As the first step in the decommissioning of sasCommunity.org the site has been converted to read-only mode.
Here are some tips for How to share your SAS knowledge with your professional network.
Tips:Counting and miscounting occurrences using SQL
Here's a simple question: How many company managers are not in the sales department? It sounds like a perfect candidate for an SQL sub-query. Count the number of managers who don't have an ID in the sales department.
proc sql; select count(distinct manager_id) 'Count of Non-Sales Managers' from company_master where manager_id not in (select employee_id from sales_department); quit;
In this particular situation, however, there's a catch. The company's CEO doesn't have a manager. Therefore, the CEO's manager_id value is missing in the company_master dataset. The SQL count function does not count missing values and the answer is wrong. The CEO, although being the highest level manager in the company, isn't counted.

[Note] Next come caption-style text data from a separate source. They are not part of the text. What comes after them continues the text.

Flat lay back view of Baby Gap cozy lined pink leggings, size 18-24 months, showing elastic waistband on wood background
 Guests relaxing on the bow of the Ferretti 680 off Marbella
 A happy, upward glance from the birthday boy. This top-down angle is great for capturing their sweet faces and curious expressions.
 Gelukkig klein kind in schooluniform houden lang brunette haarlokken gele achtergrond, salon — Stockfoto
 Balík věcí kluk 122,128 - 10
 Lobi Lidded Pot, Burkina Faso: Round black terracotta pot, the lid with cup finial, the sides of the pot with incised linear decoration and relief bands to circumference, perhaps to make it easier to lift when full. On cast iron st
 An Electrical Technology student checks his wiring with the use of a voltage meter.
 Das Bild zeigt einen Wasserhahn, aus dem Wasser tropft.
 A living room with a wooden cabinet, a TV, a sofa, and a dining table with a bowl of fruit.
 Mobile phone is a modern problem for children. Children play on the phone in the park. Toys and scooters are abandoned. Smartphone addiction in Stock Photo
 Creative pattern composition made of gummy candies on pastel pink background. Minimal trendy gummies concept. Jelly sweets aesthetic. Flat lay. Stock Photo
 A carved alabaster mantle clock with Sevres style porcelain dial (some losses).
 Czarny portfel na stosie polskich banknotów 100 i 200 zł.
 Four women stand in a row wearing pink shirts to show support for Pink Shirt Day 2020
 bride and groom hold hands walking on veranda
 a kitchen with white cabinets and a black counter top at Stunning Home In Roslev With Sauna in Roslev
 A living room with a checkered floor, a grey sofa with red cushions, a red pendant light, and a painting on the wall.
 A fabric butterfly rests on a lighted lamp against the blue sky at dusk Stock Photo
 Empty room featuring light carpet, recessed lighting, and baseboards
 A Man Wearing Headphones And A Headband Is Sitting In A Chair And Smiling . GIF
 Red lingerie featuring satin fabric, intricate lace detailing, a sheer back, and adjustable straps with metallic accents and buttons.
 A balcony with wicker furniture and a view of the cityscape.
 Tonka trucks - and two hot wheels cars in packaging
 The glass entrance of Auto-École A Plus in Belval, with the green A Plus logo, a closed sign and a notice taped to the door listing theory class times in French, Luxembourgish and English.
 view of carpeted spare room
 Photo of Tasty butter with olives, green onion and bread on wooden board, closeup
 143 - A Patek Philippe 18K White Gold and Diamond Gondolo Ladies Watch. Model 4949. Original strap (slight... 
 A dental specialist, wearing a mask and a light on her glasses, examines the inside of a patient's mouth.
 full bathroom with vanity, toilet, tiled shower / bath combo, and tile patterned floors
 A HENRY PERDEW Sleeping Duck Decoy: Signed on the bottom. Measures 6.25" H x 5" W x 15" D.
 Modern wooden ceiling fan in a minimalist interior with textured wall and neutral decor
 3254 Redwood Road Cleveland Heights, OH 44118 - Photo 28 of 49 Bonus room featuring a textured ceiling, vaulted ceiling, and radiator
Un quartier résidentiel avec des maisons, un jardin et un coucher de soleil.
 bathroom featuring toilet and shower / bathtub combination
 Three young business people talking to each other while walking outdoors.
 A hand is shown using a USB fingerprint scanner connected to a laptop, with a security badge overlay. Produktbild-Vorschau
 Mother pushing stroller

One fix to this 'mis-count' is to add the counts of missing and existing values: Select count(distinct manager_id + nmiss(manager_id) 'Count of Non-Sales Managers'. But who would ever think of doing this when writing sub-queries? It's just not intuitive.
Instead of using a sub-query technique, an inline view would count correctly and provide the correct answer. Why? Because an inline view counts occurrences, not values.
proc sql; select count(∗) 'Count of Non-Sales Managers' from (select distinct manager_id from company_master except all select employee_id from sales_department); quit;
Programmers like sub-queries. They are easy to understand. They build look-up lists which can be searched with the outer query. However, they may not be bulletproof. Inline views are almost as easy to understand and may be more reliable.